18 Cluster Analysis
18.1 What is ‘cluster analysis’?
Cluster analysis is a statistical technique that’s used to group similar objects into categories or ‘clusters’.
In the following figure, a dataset (left) has been ‘clustered’ into three groups (right) whose members are more similar to each other.
Therefore, cluster analysis identifies patterns in our data by organising it into subsets that share common characteristics.
Imagine a diverse group of individuals engaging in a physical activity intervention. You collect data on their daily steps, their active minutes per day, and their calories burned per day.
By conducting a cluster analysis, you could ‘group’ the individuals into three clusters or ‘types’, for example Cluster One (red - higher calories burned with a range of daily steps), Cluster Two (green - higher daily steps but moderate calories burned) and Cluster Three (blue - lower daily steps and lower calories burned).
This is really useful, because it helps us start to identify different ‘types’ of responses on multiple variables, or different groups within our data. This might in turn lead to some further research questions or analysis on those clusters.
18.2 Types of clustering
There are a number of different types of clustering you might encounter. The two most common are:
Hierarchical clustering, which builds a hierarchy of clusters either by successively merging smaller clusters into larger ones (agglomerative), or by splitting larger clusters (divisive).

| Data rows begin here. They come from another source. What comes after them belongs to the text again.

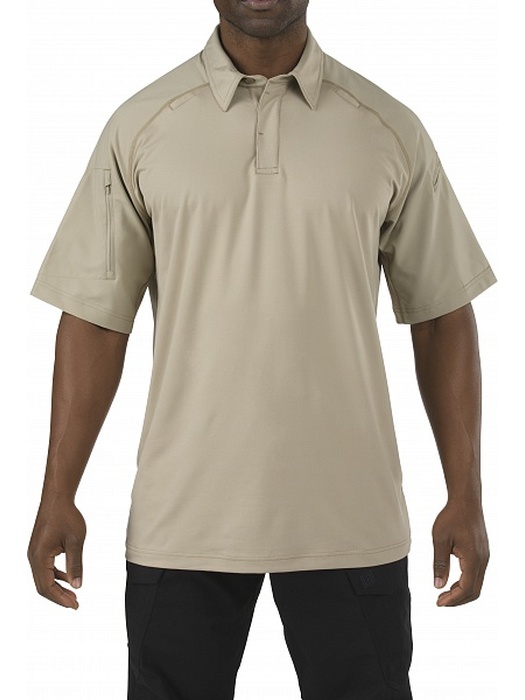 фото Поло 5.11 Tactical RAPID PERFORMANCE S/S Silver Tan (160)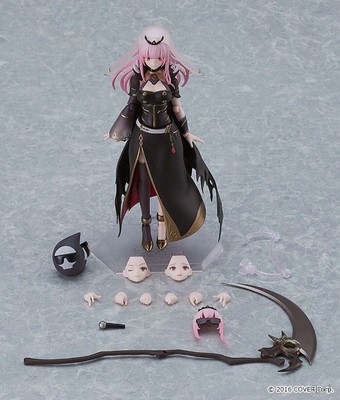 New Style VTuber Figma #602 Hololive Mori Calliope PVC Action Figure 16cm Boxed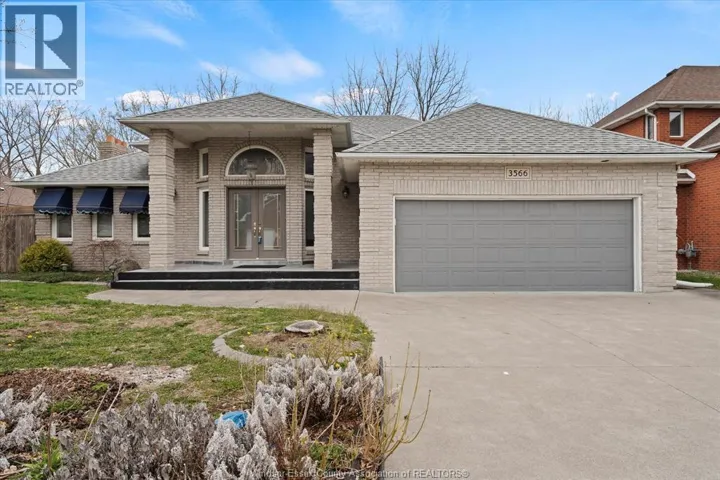 3566 WHITESIDE DRIVE, Windsor, Ontario N9E4P5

Partitioning methods, which partition (divide) the dataset into a predefined number of clusters, optimising a criterion like the distance between points in a cluster.
18.3 ‘Distance’ and ‘similarity measures’
Before we explore these two types of clustering in more detail, it’s important to cover a few underpinning concepts and ideas in cluster analysis.
Cluster Analysis involves examining the distance between and similarity to data points in order to build clusters.
Here is an (artificial) example of a cluster analysis which minimises intra-cluster distance, and maximises inter-cluster distance:
We can use a number of different measures of distance:
Euclidean distance is a basic metric in geometry, often used in data analysis and machine learning to measure the straight-line distance between two points in Euclidean space. It’s calculated as the square root of the sum of the squared differences between corresponding elements of two vectors.
Manhattan distance (sometimes called the L1 norm or “city block” distance) measures the sum of the absolute differences between points in a grid-like path. Unlike Euclidean distance, it calculates the total distance traveled along axes at right angles, mimicking how one would navigate a city’s grid-like streets.
Cosine similarity is a measure used to determine the cosine of the angle between two non-zero vectors in an inner product space. This metric evaluates the similarity irrespective of their size, focusing on the orientation rather than the magnitude of the vectors.
The Jaccard Index (or Jaccard similarity coefficient) is a statistic used for gauging the similarity and diversity of sample sets. It measures similarity as the size of the intersection divided by the size of the union of the sample sets.
Imagine you’re standing at one corner of a football field, and your friend is at another corner. You could walk along the edges of the field to reach your friend, but that would be a longer way.
The quickest way is to walk directly from your corner to your friend’s corner, cutting across the field. This straight line you walk is the shortest distance between you two, and that’s what’s called ‘Euclidean distance’.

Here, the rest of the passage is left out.